DESCRIPTION OF THE TASK: Which lines of the entries below run from the one holding "Paloma Valentina Dress" to the one holding "Golfness Beer Golf Driver Headcover", inclusive? Set down exactly those lines and no others.
= Beginning of Section =
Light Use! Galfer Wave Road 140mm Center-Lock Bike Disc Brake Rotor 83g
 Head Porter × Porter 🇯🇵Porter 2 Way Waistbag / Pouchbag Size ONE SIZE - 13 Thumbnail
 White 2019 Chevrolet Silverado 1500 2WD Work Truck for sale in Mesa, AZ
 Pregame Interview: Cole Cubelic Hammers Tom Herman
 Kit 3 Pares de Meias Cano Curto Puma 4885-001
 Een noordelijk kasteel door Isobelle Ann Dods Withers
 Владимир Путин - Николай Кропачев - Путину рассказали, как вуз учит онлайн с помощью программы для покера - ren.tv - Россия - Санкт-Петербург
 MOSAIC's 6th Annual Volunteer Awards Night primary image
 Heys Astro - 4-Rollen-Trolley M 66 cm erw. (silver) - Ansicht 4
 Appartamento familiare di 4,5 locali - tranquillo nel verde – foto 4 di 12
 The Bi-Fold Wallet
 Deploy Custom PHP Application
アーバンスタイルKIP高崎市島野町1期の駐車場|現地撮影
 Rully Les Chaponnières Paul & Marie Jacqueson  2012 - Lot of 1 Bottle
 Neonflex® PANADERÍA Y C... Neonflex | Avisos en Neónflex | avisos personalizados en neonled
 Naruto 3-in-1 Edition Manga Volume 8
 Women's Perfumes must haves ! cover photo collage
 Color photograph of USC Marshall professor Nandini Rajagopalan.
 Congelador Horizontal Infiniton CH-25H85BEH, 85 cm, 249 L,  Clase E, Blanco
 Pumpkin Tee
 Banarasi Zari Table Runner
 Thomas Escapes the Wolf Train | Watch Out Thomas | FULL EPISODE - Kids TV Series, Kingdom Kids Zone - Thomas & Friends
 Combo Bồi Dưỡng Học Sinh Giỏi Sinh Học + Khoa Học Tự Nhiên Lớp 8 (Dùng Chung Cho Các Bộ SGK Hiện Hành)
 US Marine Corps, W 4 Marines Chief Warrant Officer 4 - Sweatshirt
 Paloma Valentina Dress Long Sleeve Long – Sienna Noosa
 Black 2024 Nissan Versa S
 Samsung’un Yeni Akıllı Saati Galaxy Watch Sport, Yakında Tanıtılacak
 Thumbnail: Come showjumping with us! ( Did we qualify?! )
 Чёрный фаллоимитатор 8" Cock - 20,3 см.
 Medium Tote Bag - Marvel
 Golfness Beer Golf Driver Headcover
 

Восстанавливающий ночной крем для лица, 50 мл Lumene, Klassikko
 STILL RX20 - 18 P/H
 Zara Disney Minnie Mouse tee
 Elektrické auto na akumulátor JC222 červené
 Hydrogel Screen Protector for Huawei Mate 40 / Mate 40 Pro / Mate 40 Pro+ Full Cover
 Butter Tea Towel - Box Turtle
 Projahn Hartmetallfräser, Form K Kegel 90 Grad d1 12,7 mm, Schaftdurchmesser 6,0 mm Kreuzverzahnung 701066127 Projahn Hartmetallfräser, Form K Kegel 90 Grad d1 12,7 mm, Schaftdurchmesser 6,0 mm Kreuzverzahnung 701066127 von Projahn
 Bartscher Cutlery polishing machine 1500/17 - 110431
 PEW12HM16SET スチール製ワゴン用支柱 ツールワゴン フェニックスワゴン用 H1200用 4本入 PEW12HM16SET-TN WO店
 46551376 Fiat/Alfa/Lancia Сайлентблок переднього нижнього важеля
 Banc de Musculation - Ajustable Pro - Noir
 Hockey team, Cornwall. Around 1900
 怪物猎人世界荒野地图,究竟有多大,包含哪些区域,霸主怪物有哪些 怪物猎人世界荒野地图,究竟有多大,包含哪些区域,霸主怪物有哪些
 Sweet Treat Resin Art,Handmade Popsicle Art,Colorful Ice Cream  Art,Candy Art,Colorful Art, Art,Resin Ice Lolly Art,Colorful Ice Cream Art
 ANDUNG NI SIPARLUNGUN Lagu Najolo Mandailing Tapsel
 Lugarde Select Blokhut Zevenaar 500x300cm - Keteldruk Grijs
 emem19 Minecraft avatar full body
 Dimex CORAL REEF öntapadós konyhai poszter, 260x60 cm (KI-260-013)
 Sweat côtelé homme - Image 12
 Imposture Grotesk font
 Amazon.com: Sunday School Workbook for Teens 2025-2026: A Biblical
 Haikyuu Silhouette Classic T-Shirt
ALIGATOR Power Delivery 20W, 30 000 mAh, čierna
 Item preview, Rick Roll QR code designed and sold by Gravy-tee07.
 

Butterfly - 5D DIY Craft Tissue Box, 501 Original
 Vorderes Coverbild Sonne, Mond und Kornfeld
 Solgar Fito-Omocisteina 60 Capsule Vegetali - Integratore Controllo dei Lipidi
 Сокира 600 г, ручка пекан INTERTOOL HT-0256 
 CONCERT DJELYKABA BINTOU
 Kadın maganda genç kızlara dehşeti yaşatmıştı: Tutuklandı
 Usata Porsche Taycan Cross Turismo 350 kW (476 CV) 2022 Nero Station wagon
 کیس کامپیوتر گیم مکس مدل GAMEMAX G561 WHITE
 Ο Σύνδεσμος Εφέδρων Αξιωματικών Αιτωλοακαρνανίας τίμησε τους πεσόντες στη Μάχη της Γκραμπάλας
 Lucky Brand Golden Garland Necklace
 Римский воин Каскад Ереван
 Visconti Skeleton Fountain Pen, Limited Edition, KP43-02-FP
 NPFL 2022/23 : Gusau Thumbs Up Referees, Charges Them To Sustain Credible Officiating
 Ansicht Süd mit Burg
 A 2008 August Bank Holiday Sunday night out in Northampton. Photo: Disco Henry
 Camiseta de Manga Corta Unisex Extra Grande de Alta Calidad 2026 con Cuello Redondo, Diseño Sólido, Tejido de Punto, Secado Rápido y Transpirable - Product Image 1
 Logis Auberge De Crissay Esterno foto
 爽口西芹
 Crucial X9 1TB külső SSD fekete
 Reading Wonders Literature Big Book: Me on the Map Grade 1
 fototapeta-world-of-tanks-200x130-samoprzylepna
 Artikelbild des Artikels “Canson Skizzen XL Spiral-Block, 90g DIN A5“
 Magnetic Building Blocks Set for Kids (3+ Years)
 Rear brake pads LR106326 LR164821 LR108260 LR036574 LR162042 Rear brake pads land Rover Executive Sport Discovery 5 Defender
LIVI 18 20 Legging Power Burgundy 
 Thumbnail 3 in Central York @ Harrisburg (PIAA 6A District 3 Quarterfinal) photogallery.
= End of Section =
ANSWER FOR THIS EXERCISE:
 Paloma Valentina Dress Long Sleeve Long – Sienna Noosa
 Black 2024 Nissan Versa S
 Samsung’un Yeni Akıllı Saati Galaxy Watch Sport, Yakında Tanıtılacak
 Thumbnail: Come showjumping with us! ( Did we qualify?! )
 Чёрный фаллоимитатор 8" Cock - 20,3 см.
 Medium Tote Bag - Marvel
 Golfness Beer Golf Driver Headcover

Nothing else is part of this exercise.